| Work to be completed |
The lines to reproduce run from the one containing "Two WXY V3 Summer Basketball" through the end of the records below. Reproduce them exactly and add nothing.

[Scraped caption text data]
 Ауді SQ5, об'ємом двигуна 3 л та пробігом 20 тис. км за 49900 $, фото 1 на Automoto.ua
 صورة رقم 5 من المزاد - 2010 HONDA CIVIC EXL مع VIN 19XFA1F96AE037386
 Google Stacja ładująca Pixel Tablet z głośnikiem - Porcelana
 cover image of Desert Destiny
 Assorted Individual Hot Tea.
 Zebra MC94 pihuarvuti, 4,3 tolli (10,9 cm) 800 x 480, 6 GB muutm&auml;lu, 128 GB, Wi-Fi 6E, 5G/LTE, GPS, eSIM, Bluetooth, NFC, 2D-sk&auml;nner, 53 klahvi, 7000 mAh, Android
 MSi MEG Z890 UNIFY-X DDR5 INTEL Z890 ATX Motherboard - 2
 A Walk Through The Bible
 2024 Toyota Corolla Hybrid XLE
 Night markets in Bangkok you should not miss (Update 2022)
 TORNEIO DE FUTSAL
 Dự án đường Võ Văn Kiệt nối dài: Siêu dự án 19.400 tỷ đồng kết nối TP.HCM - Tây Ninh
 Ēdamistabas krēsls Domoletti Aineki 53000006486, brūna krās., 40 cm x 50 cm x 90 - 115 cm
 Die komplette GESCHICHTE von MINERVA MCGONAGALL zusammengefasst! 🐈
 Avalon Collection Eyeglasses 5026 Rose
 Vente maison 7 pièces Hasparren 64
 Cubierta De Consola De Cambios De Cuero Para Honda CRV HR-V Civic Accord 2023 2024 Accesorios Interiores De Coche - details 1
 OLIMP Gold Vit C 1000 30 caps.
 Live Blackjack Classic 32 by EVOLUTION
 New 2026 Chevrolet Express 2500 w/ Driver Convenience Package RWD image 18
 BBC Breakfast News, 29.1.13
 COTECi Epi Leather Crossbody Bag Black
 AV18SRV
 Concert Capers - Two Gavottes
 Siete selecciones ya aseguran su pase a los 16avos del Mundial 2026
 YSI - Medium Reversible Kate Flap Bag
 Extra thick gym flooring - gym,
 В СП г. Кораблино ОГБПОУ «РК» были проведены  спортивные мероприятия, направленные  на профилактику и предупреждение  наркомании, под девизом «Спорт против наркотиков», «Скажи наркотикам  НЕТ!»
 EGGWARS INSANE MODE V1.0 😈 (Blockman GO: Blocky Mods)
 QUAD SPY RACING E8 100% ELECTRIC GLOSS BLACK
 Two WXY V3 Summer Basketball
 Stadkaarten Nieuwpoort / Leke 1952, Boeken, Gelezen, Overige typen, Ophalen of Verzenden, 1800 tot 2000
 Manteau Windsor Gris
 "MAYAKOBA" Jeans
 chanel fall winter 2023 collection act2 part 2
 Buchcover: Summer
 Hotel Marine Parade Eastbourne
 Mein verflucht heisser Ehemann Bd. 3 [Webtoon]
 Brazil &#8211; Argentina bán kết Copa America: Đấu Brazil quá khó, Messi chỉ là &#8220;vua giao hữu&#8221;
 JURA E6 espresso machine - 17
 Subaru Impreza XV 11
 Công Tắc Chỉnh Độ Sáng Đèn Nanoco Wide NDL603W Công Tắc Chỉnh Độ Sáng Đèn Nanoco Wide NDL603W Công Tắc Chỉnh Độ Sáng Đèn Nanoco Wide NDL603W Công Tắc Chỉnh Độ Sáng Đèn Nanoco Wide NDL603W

| Solution to this problem |
 Two WXY V3 Summer Basketball
 Stadkaarten Nieuwpoort / Leke 1952, Boeken, Gelezen, Overige typen, Ophalen of Verzenden, 1800 tot 2000
 Manteau Windsor Gris
 "MAYAKOBA" Jeans
 chanel fall winter 2023 collection act2 part 2
 Buchcover: Summer
 Hotel Marine Parade Eastbourne
 Mein verflucht heisser Ehemann Bd. 3 [Webtoon]
 Brazil &#8211; Argentina bán kết Copa America: Đấu Brazil quá khó, Messi chỉ là &#8220;vua giao hữu&#8221;
 JURA E6 espresso machine - 17
 Subaru Impreza XV 11
 Công Tắc Chỉnh Độ Sáng Đèn Nanoco Wide NDL603W Công Tắc Chỉnh Độ Sáng Đèn Nanoco Wide NDL603W Công Tắc Chỉnh Độ Sáng Đèn Nanoco Wide NDL603W Công Tắc Chỉnh Độ Sáng Đèn Nanoco Wide NDL603W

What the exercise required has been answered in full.